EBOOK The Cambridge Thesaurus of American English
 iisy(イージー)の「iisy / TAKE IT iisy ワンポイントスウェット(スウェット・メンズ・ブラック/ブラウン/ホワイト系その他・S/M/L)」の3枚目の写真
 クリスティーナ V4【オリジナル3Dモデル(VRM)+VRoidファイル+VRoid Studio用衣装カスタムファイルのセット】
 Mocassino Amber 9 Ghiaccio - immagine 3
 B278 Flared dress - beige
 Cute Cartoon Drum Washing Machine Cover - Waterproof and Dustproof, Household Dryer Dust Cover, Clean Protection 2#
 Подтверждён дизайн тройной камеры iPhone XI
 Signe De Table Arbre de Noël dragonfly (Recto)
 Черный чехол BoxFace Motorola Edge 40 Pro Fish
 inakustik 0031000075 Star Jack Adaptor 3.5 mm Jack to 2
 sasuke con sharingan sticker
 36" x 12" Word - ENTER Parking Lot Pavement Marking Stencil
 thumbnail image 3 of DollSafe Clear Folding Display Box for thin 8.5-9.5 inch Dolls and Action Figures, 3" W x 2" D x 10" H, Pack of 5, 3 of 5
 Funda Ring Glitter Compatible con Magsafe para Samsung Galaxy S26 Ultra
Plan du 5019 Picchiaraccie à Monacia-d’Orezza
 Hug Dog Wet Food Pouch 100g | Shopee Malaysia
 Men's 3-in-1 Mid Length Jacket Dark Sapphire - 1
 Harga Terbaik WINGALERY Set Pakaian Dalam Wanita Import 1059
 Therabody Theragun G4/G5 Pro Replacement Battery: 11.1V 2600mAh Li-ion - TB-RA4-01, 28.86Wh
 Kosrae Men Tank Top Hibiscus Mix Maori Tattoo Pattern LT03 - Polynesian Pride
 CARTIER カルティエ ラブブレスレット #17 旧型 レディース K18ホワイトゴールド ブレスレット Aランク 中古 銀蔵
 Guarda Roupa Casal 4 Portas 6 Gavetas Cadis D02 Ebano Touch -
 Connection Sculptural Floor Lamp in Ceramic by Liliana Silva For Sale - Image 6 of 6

» **Problem**
Return the lines from the line containing "CARTIER カルティエ ラブブレスレット" to the end of the entries above, exactly as they appear and with no other output.

» **Task response**
 CARTIER カルティエ ラブブレスレット #17 旧型 レディース K18ホワイトゴールド ブレスレット Aランク 中古 銀蔵
 Guarda Roupa Casal 4 Portas 6 Gavetas Cadis D02 Ebano Touch -
 Connection Sculptural Floor Lamp in Ceramic by Liliana Silva For Sale - Image 6 of 6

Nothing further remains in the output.